Participants : Nathalie Mitton, Julien Vandaele.

Wireless sensor and actuator/robot networks need some routing mechanisms to ensure that data travel the network to the sink with some guarantees. The FUN research group has investigated different routing paradigms.

Geographic routing has gained much attention as a basic routing primitive in wireless sensor networks due to its memory-less, scalability, efficiency and low overhead features. Greedy forwarding is the simplest geographic routing scheme, it uses the distance as a forwarding criterion. Nevertheless, it may suffer from communication holes, where no next hop candidate is closer to the destination than the node currently holding the packet. For this purpose, a void handling technique is needed to recover from the void problem and successfully deliver data packets if a path does exist between source and destination nodes. Many approaches have been reported to solve this issue at the expense of extra processing and or overhead. [19] proposes GRACO, an efficient geographic routing protocol with a novel void recovery strategy based on ant colony optimization (ACO). GRACO is able to adaptively adjust the forwarding mechanism to avoid the blocking situation and effectively deliver data packets. Compared to GFG, one of the best performing geographic routing protocols, simulation results demonstrate that GRACO can successfully find shorter routing paths with higher delivery rate, less control packet overhead and shorter end-to-end delay.
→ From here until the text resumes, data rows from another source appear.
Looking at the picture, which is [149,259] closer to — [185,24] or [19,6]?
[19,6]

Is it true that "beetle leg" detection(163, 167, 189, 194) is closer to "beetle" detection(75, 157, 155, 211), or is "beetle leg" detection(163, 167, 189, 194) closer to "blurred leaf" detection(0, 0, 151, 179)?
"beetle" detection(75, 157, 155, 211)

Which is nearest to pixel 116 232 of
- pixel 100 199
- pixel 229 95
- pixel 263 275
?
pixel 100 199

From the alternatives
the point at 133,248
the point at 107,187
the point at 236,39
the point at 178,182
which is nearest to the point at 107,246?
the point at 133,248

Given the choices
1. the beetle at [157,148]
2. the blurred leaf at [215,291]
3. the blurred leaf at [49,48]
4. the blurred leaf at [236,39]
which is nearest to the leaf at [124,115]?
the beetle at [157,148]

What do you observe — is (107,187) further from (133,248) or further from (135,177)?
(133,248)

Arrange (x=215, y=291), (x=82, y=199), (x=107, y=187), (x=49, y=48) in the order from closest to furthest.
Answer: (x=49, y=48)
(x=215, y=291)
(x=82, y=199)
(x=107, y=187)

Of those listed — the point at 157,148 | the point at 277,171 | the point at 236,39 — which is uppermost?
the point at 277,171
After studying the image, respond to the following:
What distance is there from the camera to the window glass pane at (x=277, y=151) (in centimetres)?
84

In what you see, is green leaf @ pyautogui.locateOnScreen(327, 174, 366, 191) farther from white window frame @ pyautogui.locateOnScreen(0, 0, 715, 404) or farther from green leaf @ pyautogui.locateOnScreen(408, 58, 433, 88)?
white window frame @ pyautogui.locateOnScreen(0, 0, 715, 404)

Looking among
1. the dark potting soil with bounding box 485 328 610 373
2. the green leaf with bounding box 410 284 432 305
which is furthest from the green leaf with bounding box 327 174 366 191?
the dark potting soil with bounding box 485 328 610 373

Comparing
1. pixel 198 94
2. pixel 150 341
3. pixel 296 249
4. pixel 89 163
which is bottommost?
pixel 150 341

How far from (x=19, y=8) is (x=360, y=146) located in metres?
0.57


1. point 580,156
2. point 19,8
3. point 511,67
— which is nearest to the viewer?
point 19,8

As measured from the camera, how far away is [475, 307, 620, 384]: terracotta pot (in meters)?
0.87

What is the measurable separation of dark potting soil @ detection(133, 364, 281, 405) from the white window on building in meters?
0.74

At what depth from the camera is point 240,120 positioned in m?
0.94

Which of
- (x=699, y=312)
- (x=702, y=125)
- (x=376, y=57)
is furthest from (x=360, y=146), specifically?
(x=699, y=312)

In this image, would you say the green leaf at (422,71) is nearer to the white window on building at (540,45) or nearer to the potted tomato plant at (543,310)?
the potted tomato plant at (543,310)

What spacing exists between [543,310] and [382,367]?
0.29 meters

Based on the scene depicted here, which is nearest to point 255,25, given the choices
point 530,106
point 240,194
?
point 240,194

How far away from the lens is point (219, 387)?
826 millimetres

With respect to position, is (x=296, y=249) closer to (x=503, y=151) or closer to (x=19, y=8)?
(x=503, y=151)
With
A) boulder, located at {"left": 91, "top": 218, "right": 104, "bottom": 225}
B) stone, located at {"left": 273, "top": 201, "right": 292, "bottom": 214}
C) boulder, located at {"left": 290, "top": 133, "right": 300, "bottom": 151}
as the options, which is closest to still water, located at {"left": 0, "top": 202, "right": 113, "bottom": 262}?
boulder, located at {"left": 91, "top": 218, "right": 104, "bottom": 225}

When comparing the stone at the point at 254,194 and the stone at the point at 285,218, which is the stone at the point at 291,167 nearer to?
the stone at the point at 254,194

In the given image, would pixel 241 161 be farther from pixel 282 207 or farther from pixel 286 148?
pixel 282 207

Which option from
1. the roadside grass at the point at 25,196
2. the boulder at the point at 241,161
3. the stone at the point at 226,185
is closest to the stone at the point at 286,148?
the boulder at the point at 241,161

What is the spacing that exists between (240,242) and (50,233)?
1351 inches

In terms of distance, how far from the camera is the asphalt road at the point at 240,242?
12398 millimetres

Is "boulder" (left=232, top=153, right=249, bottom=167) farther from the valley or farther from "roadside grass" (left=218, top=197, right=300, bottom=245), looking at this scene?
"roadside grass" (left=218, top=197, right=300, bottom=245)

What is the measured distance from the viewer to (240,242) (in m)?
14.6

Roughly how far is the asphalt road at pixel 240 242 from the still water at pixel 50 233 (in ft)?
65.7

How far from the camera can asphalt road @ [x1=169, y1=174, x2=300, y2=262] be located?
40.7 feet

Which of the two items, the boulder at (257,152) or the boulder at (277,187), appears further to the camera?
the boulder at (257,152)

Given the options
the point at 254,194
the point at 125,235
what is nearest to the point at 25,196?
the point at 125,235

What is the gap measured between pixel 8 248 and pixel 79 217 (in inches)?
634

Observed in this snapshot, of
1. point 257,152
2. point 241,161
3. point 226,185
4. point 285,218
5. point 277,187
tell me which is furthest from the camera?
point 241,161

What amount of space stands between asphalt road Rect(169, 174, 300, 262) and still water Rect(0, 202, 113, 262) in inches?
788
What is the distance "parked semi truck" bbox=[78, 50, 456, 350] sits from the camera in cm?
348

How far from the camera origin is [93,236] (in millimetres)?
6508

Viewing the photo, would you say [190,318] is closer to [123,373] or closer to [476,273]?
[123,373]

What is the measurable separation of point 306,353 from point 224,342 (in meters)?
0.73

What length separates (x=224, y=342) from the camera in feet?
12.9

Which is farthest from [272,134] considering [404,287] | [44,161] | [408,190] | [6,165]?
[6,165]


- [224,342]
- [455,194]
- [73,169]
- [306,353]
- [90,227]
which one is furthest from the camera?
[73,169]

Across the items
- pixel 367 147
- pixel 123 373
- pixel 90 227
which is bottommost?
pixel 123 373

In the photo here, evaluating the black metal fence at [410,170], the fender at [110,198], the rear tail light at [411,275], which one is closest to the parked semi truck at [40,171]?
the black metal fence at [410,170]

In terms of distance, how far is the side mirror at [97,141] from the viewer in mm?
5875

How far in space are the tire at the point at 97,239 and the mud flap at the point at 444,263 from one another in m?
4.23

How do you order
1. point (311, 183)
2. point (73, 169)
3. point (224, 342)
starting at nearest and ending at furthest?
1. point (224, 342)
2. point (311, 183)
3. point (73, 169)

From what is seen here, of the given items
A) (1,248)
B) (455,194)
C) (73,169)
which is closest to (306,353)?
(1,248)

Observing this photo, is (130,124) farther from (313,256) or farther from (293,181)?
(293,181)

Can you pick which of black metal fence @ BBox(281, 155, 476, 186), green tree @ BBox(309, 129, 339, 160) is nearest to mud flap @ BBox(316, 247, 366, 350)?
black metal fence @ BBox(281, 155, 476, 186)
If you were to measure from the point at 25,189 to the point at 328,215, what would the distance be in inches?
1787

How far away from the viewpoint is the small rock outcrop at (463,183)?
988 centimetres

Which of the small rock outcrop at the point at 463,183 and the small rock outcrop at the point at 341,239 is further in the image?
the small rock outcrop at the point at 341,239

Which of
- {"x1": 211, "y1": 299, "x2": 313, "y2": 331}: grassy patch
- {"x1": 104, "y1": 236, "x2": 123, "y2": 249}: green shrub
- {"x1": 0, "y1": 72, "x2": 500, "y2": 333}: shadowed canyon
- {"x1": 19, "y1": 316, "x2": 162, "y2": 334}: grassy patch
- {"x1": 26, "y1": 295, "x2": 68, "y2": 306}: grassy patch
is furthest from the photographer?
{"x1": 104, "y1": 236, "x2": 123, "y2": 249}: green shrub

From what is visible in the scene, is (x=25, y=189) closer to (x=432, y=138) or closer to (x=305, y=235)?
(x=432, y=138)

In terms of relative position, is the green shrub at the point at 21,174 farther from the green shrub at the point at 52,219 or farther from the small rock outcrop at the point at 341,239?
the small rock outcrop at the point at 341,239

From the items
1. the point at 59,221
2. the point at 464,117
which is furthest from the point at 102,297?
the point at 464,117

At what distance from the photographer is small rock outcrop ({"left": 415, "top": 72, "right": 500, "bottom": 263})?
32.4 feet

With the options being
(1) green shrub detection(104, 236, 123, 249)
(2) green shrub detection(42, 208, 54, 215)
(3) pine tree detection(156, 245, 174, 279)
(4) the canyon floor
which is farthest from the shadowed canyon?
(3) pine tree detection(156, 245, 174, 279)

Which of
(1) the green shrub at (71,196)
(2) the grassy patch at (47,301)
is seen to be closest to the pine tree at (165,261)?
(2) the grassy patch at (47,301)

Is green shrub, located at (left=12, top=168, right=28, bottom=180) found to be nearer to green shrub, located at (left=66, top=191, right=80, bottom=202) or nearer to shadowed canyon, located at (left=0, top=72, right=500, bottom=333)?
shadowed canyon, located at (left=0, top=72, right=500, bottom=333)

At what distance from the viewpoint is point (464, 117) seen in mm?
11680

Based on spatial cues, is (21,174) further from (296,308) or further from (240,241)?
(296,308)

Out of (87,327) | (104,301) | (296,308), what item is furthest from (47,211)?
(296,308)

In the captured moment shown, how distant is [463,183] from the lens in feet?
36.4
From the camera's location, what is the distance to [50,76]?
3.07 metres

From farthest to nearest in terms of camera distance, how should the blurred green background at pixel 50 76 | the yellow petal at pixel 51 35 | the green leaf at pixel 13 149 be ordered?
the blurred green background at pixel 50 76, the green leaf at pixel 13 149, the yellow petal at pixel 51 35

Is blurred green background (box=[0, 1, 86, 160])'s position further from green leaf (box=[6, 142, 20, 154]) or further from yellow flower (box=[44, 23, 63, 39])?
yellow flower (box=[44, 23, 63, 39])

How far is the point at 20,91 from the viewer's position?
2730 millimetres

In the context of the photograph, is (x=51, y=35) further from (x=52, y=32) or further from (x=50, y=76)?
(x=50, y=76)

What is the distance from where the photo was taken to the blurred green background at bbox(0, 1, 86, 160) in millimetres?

Betweenness centrality metrics usually underestimate the importance of nodes that are close to shortest paths but do not exactly fall on them. In [16], [41], we reevaluate the importance of such nodes and propose the ρ-geodesic betweenness centrality, a novel metric that assigns weights to paths (and, consequently, to nodes on these paths) according to how close they are to shortest paths. The paths that are just slightly longer than the shortest one are defined as quasi-shortest paths, and they are able to increase or to decrease the importance of a node according to how often the node falls on them. We compare the proposed metric with the traditional, distance-scaled, and random walk betweenness centralities using four network datasets with distinct characteristics. The results show that the proposed metric, besides better assessing the topological role of a node, is also able to maintain the rank position of nodes overtime compared to the other metrics; this means that network dynamics affect less our metric than others. Such a property could help avoid, for instance, the waste of resources caused when data follow only the shortest paths and reduce associated costs.

To illustrate the data routing over a real demo, in [39], we show a webcam view of the testbed with remotely controlled lighting (ceiling LEDs and a mobile robot carrying a torch). A tight grid of 256 sensors will be used to collect light information. We display live updates of the resulting heatmap, live energy profiles and other performance metrics.